Without including any pictures, reproduce all the lines below word for word.

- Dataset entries

>>>>

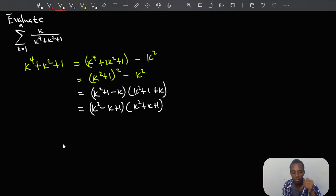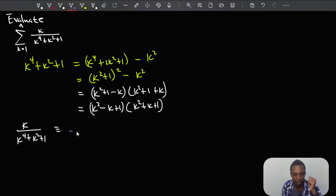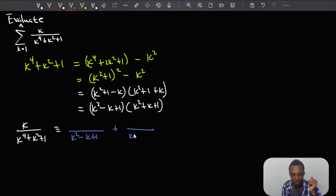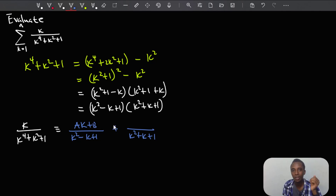Now let's write k divided by k⁴+k²+1 as a partial fraction. Since the denominator factors as (k²−k+1)(k²+k+1), and both denominators are quadratic, the numerators must be degree-1 polynomials. So we write this as (ak+b)/(k²−k+1) plus (ck+d)/(k²+k+1). If you're not familiar with partial fractions, I have a full playlist on this linked in the description.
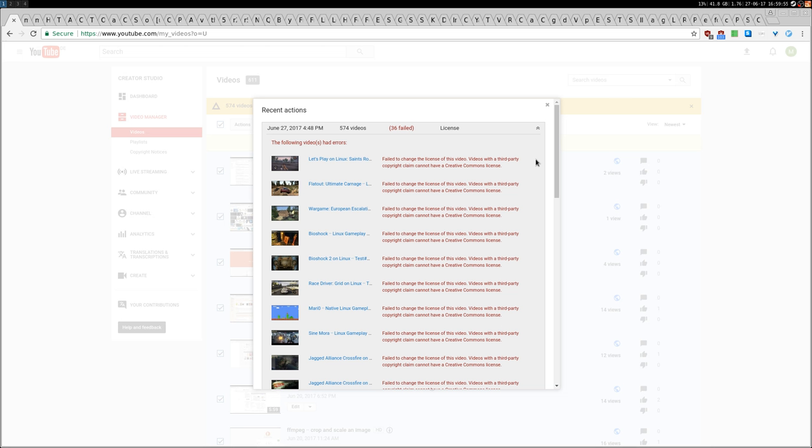So if you find a video on my channel and you need that video, maybe you're doing a video yourself about some games and you like the video that I posted, you can just take it, even if it's not on Creative Commons. As far as I'm concerned, just take care that maybe you will have the copyright claim on that specific video, and that's it.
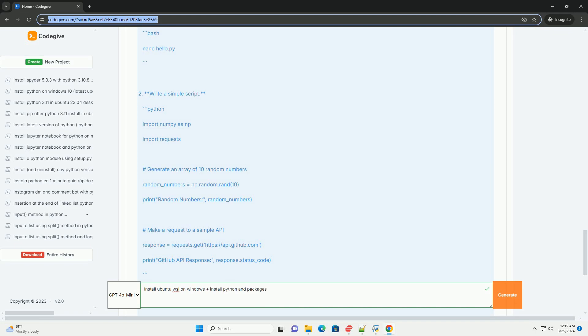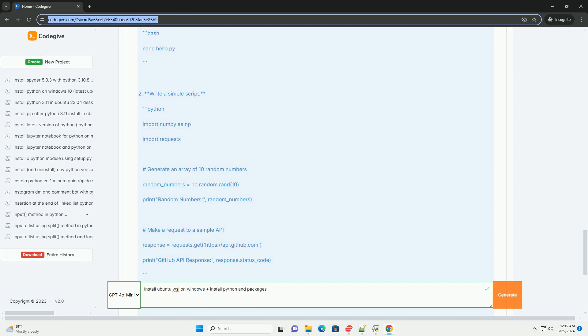Conclusion: You have successfully installed Ubuntu on WSL, set up Python, and installed packages. You also created and ran a simple Python script. This setup allows you to develop and run Python applications directly from your Windows environment using the powerful capabilities of Linux. Enjoy coding.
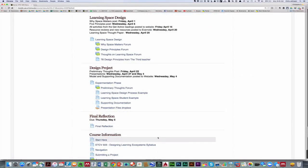So I will ask you to post your preliminary thoughts by Friday, April 22nd, and the presentations will be April 27th and May 4th. Your model and all supporting documentation should be posted to your website by the end of class on Wednesday, May 4th.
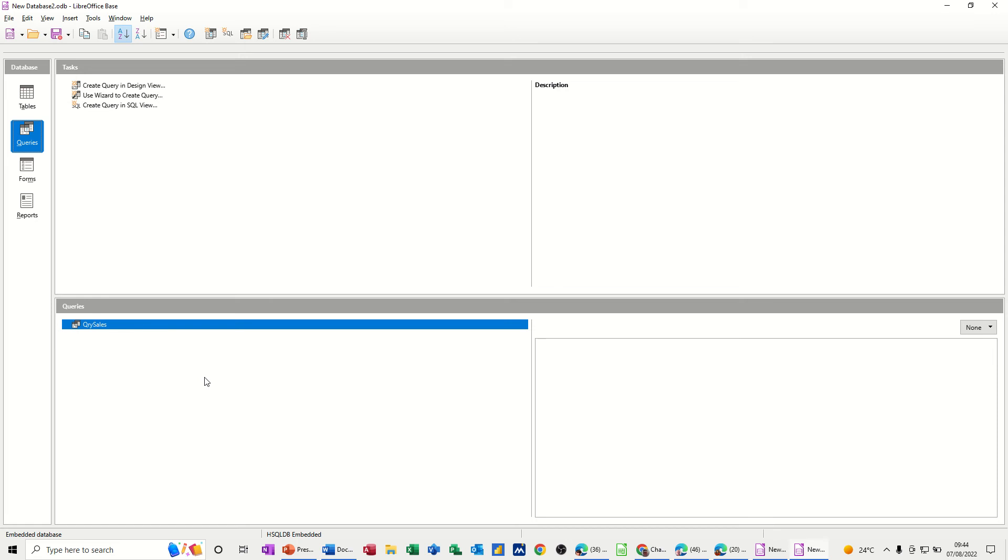Hi guys, welcome to this session in LibreOffice Base Database. In this module, I want to show you how to do some simple queries.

<<<<

- Answer space
Now let's write k divided by k⁴+k²+1 as a partial fraction. Since the denominator factors as (k²−k+1)(k²+k+1), and both denominators are quadratic, the numerators must be degree-1 polynomials. So we write this as (ak+b)/(k²−k+1) plus (ck+d)/(k²+k+1). If you're not familiar with partial fractions, I have a full playlist on this linked in the description.
So if you find a video on my channel and you need that video, maybe you're doing a video yourself about some games and you like the video that I posted, you can just take it, even if it's not on Creative Commons. As far as I'm concerned, just take care that maybe you will have the copyright claim on that specific video, and that's it.
Conclusion: You have successfully installed Ubuntu on WSL, set up Python, and installed packages. You also created and ran a simple Python script. This setup allows you to develop and run Python applications directly from your Windows environment using the powerful capabilities of Linux. Enjoy coding.
So I will ask you to post your preliminary thoughts by Friday, April 22nd, and the presentations will be April 27th and May 4th. Your model and all supporting documentation should be posted to your website by the end of class on Wednesday, May 4th.
Hi guys, welcome to this session in LibreOffice Base Database. In this module, I want to show you how to do some simple queries.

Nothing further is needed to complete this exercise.